*TASK STATEMENT*:
Without adding anything, give again the lines from the one holding "Scaun de gaming" through the final line of the records, exactly, with both ends included and pictures dropped.

*STUDY MATERIAL*:

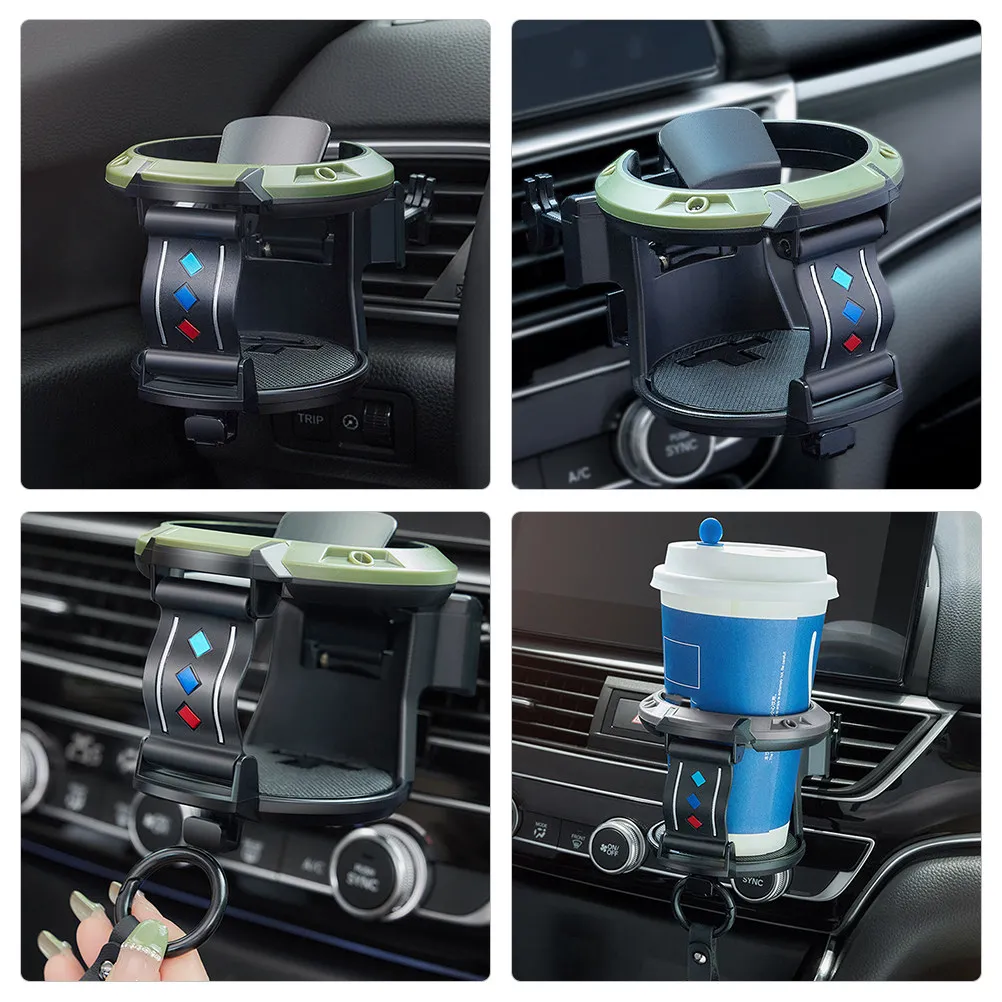 Car Air Vent Cup Holder Adapter Universal ABS Drink Stand for Water Bottle Milk Tea Cup Phone Ashtray Key Hook Mount Vehicle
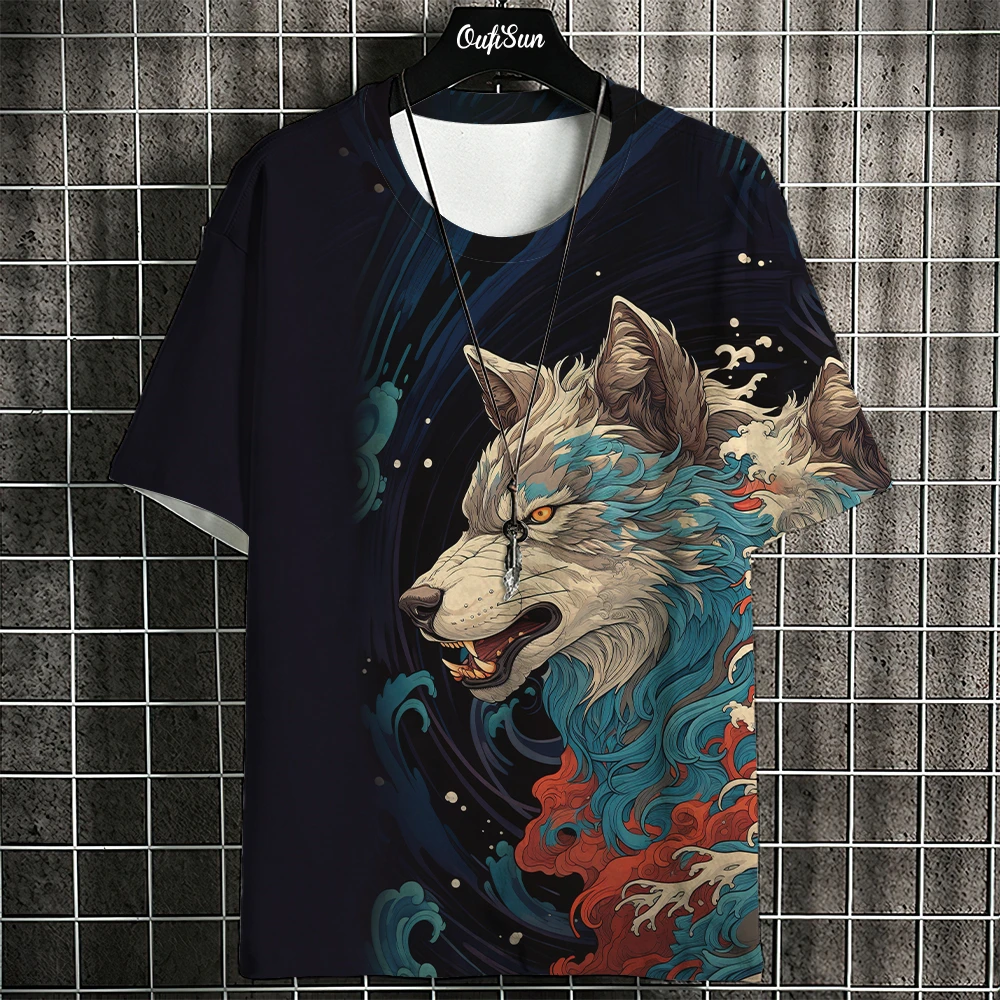 Cartoon Anime Cat Printed T Shirt For Men Japanese Tees Wolf T-Shirt Outdoor Hip Hop Tops Clothes Casual Loose Short Sleeve Tees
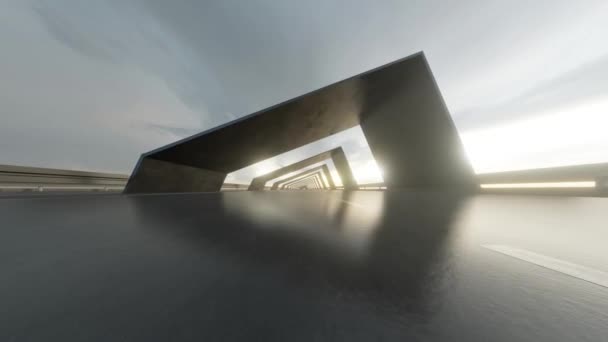 Widok Tunelu Architektonicznego Autostradzie Pustą Drogą Asfaltową Renderowanie Animacja Pętli — Wideo stockowe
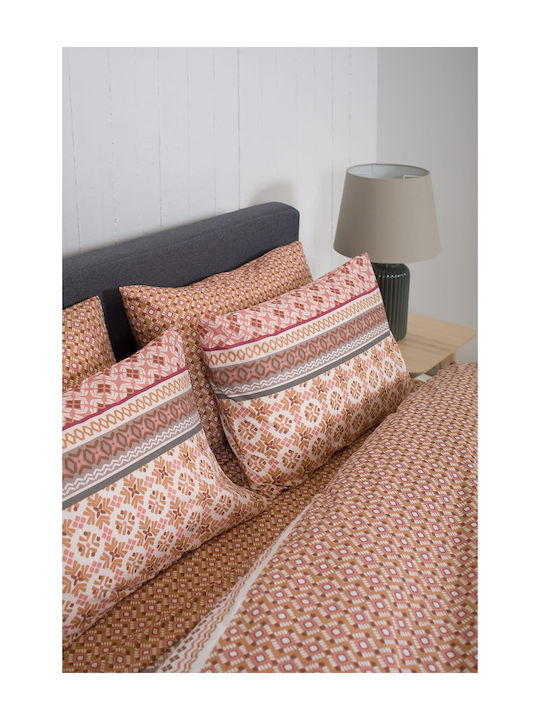 Viokarpet Bettbezug-Set Baumwolle Einzelbett mit Kissenbezug 165x245 Home Nordic 856 Cayenne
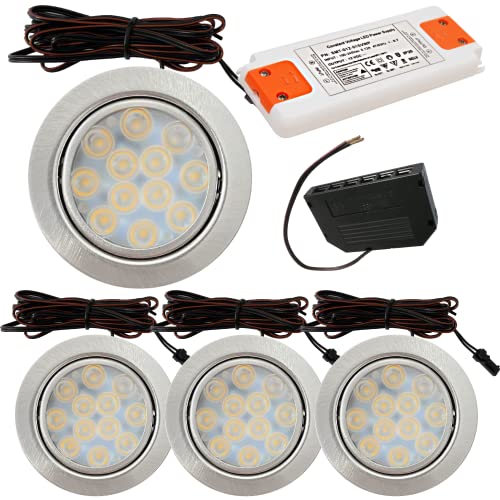 Lichtfaktor24 LED Möbeleinbaustrahler 12V flach 4 x 3W Einbauleuchten Lotta 200lm mit LED Trafo, Mini Verteiler und LED Dimmer Lochausschnitt: 55 bis 60mm von Lichtfaktor24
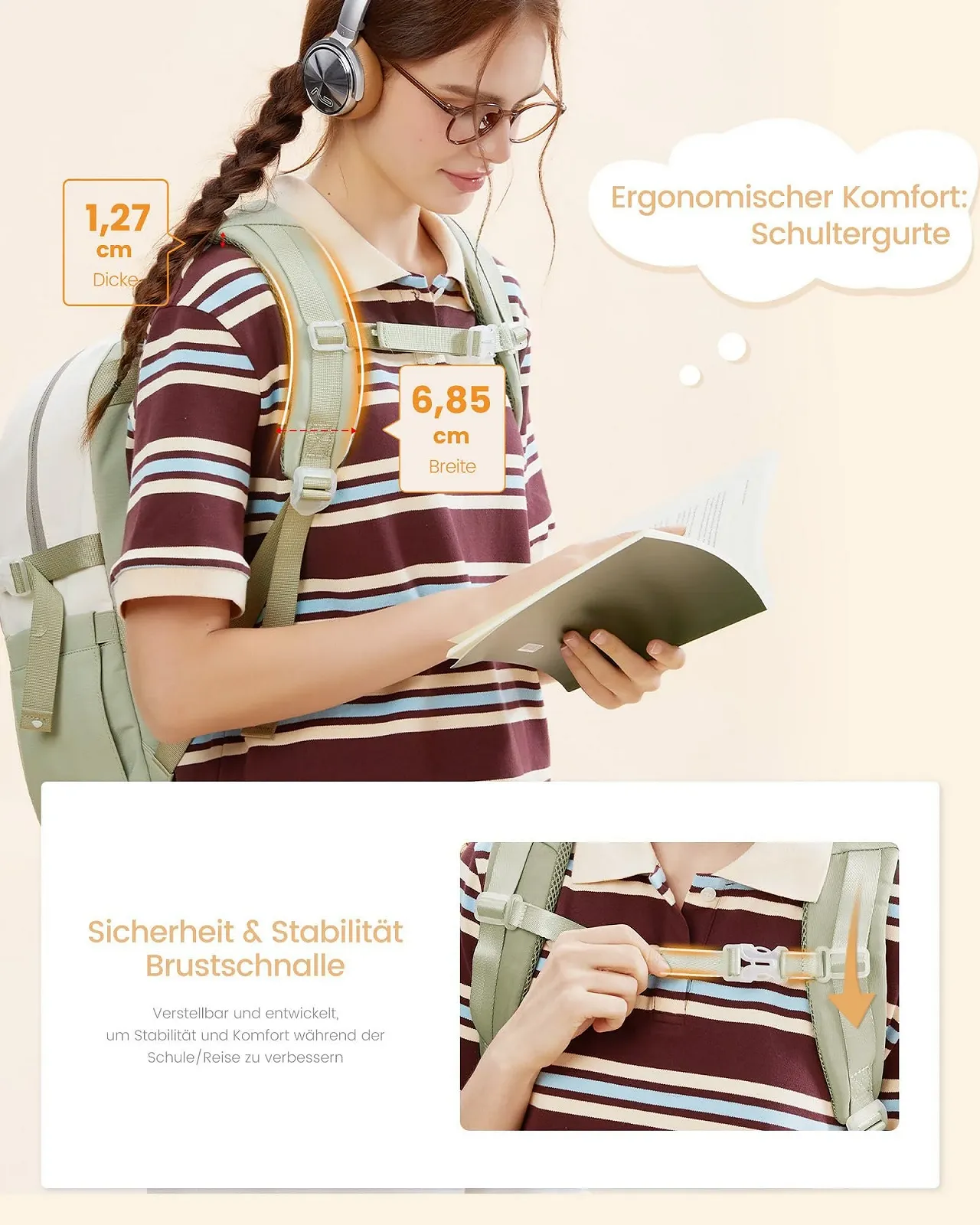 Рюкзак для ноутбука LOVEVOOK School 15.6 дюймів, фото №4 Рюкзак для ноутбука LOVEVOOK School 15.6 дюймів, фото №4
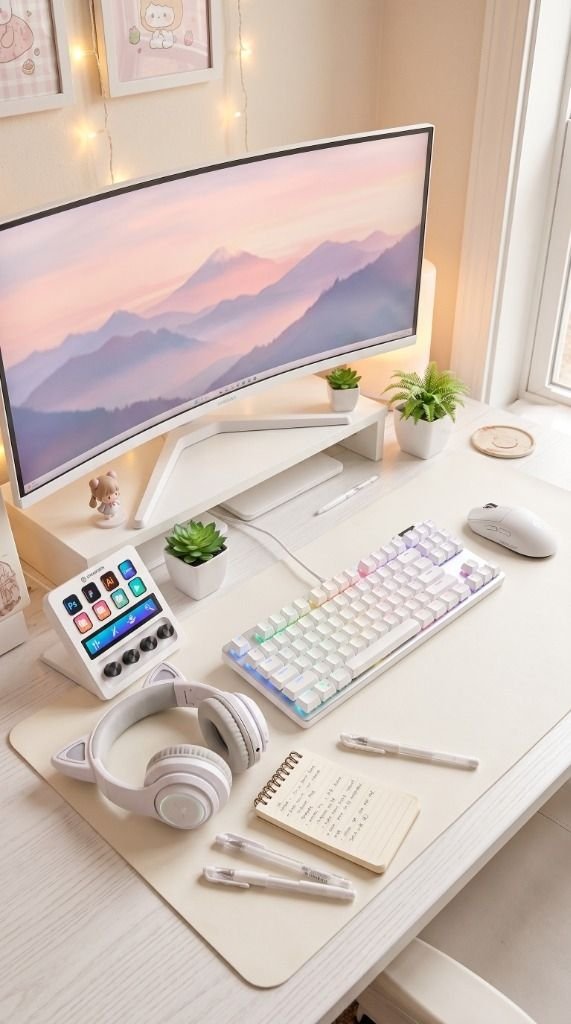 Super Cute & Cozy White Gaming Setup: How to Get the Kawaii Vibe Setup Image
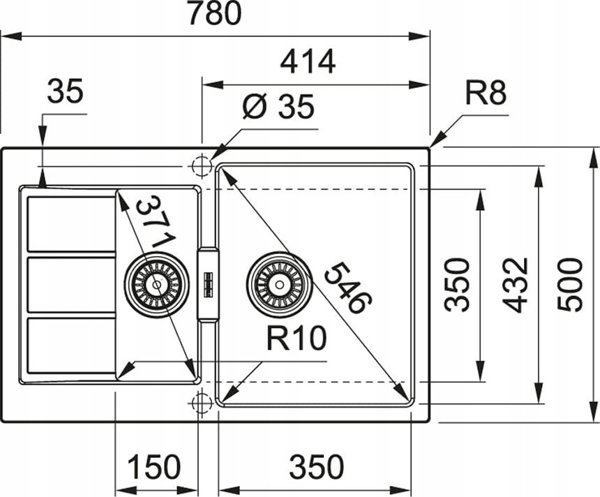 Franke Sirius 2.0 S2D 651-78 Νεροχύτης Κουζίνας Tectonite, Αναστρέψιμος, Stone Pink, 60cm, 143.0618.684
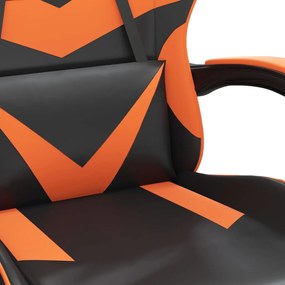 Scaun de gaming pivotant, negru si portocaliu, piele ecologica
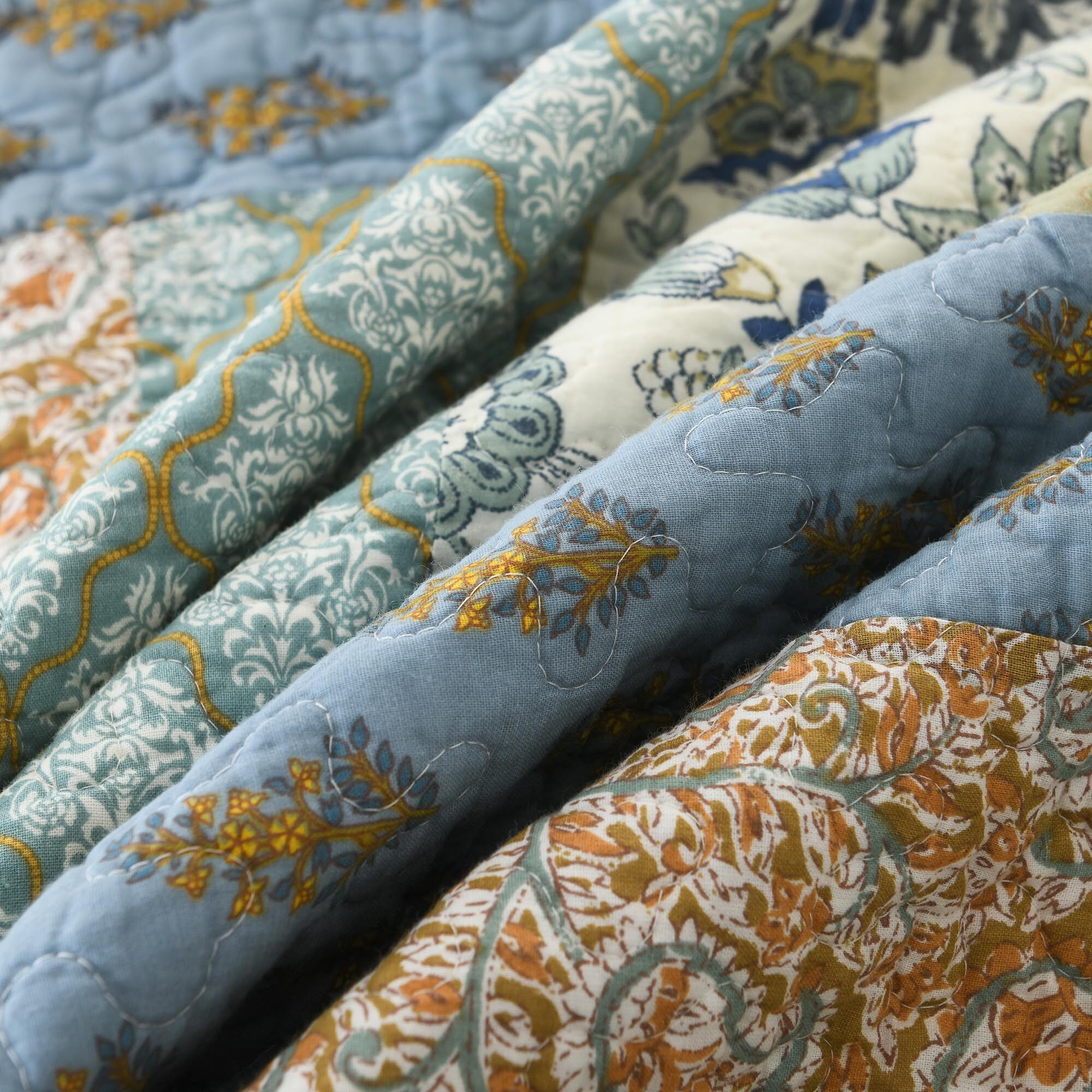 Nordmiex Patchwork Cotton Quilt Set Bohemian Floral Bedding Set, California King - Image 2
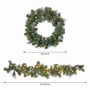 Christabelle Pre-Lit Bayville Pine Christmas Wreath 61cm or Garland 2.7m with 50 LED Lights, Pine Cones & Timer thumbnail 4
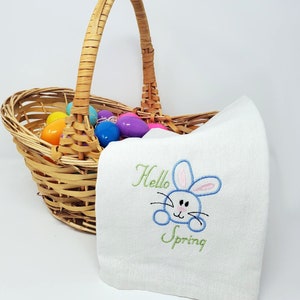 Hello Spring Bunny Embroidered Kitchen Towel,Easter Baking,Personalized Cotton Dish Towel,Gift Ideas For Parents,Themed Kitchen Towel Decor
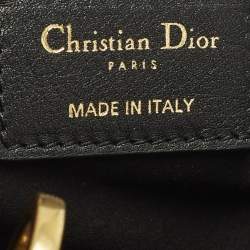 Pre Owned حقيبة يد ديور ليدي ديور متوسطة شرابة خرزية جلد كاناج أسود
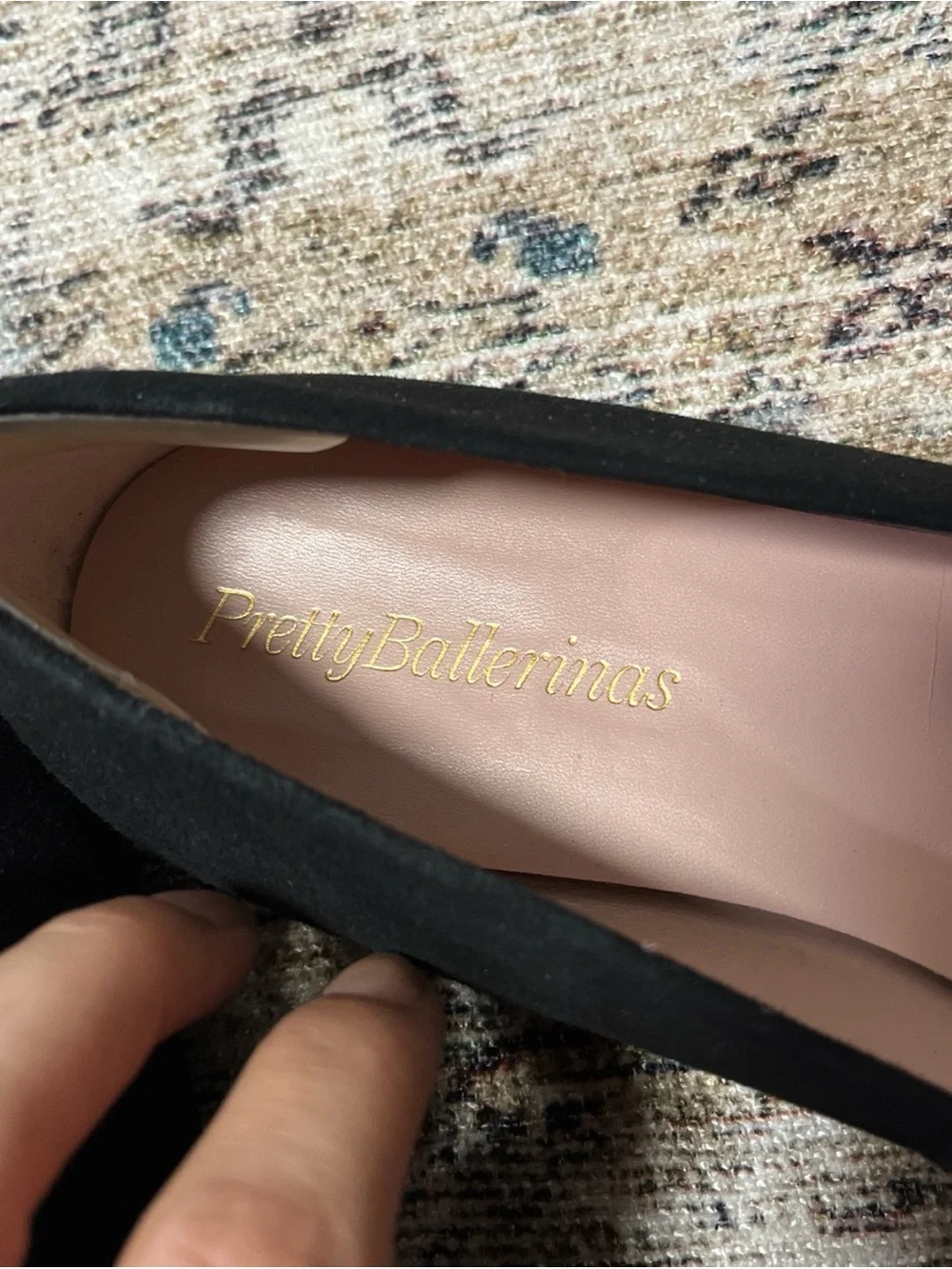 Pretty Ballerinas Ella flats Sz 39 us 8 with white gold framed pearls along vamp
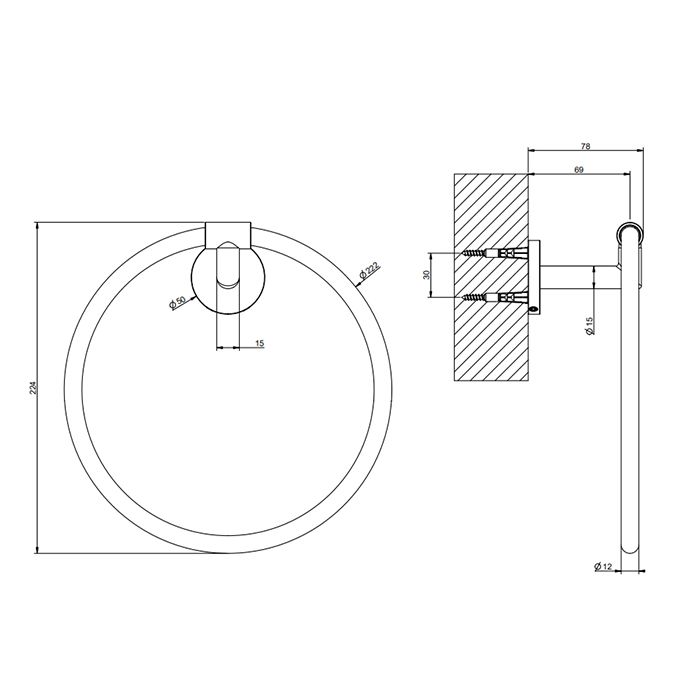 Gessi Tondo Полотенцедержатель-кольцо, цвет: Copper PVD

*EXERCISE RESPONSE*:
 Scaun de gaming pivotant, negru si portocaliu, piele ecologica
 Nordmiex Patchwork Cotton Quilt Set Bohemian Floral Bedding Set, California King - Image 2
 Christabelle Pre-Lit Bayville Pine Christmas Wreath 61cm or Garland 2.7m with 50 LED Lights, Pine Cones & Timer thumbnail 4
 Hello Spring Bunny Embroidered Kitchen Towel,Easter Baking,Personalized Cotton Dish Towel,Gift Ideas For Parents,Themed Kitchen Towel Decor
 Pre Owned حقيبة يد ديور ليدي ديور متوسطة شرابة خرزية جلد كاناج أسود
 Pretty Ballerinas Ella flats Sz 39 us 8 with white gold framed pearls along vamp
 Gessi Tondo Полотенцедержатель-кольцо, цвет: Copper PVD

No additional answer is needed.